* **RECORDS PROVIDED**
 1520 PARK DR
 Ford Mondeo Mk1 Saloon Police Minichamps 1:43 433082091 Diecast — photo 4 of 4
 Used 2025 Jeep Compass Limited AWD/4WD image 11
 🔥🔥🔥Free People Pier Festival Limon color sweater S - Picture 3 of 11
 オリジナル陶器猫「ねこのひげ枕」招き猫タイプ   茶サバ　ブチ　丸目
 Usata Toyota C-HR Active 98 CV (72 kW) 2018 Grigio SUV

* * *

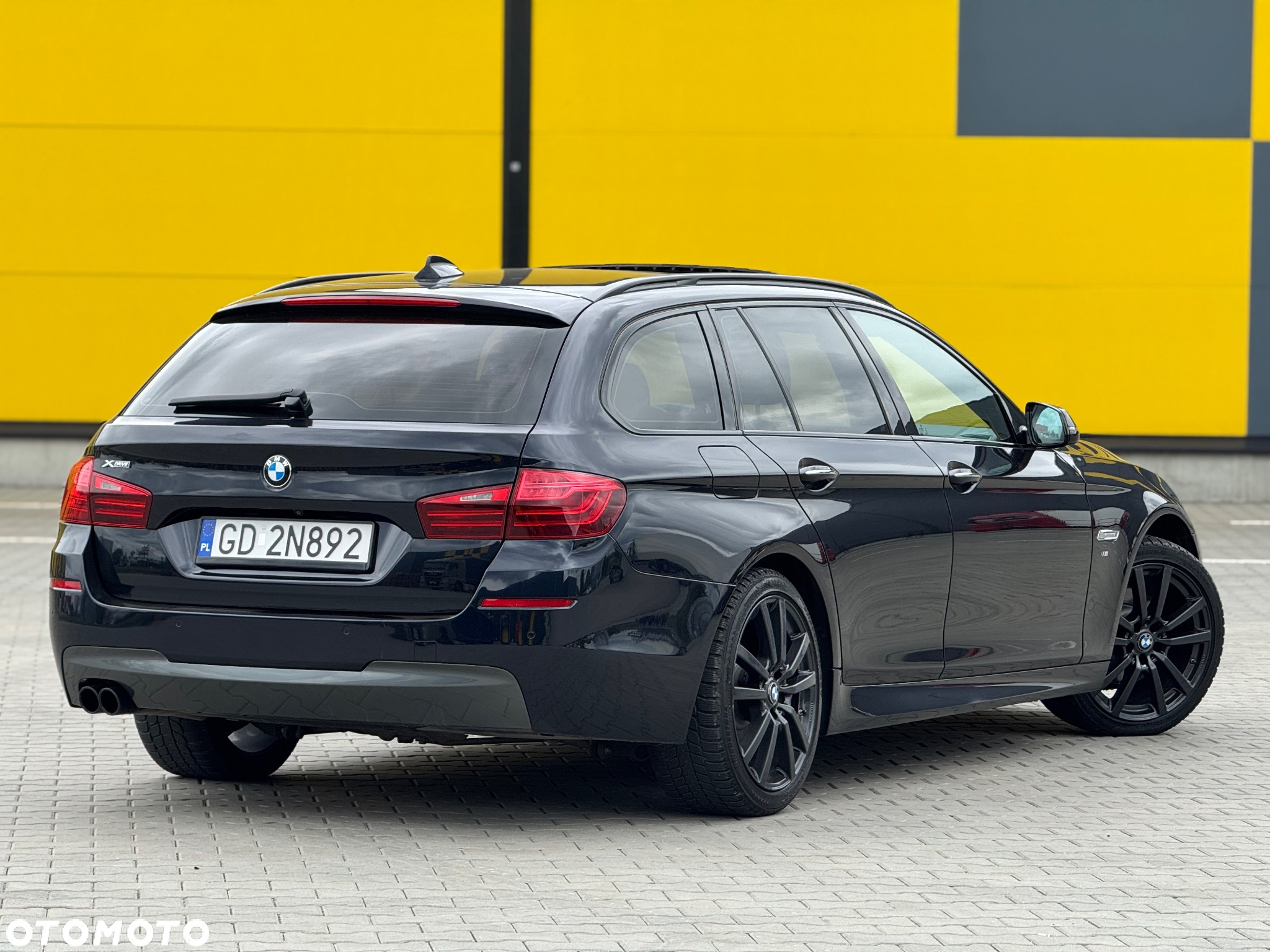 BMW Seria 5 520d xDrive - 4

==

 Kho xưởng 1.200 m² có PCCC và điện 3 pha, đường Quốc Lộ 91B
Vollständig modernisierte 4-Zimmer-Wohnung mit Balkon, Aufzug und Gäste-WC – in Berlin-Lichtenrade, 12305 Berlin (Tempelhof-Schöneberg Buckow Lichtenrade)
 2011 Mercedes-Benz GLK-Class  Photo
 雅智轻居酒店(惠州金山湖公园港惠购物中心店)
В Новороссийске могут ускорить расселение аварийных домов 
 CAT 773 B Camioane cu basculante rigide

* **YOUR GOAL**
Exact duplication is required for the lines above, from the line that contains "Picture 3 of 11" to the line that contains "Usata Toyota C-HR", inclusive; omit all others.

* **WORKED SOLUTION**
 🔥🔥🔥Free People Pier Festival Limon color sweater S - Picture 3 of 11
 オリジナル陶器猫「ねこのひげ枕」招き猫タイプ   茶サバ　ブチ　丸目
 Usata Toyota C-HR Active 98 CV (72 kW) 2018 Grigio SUV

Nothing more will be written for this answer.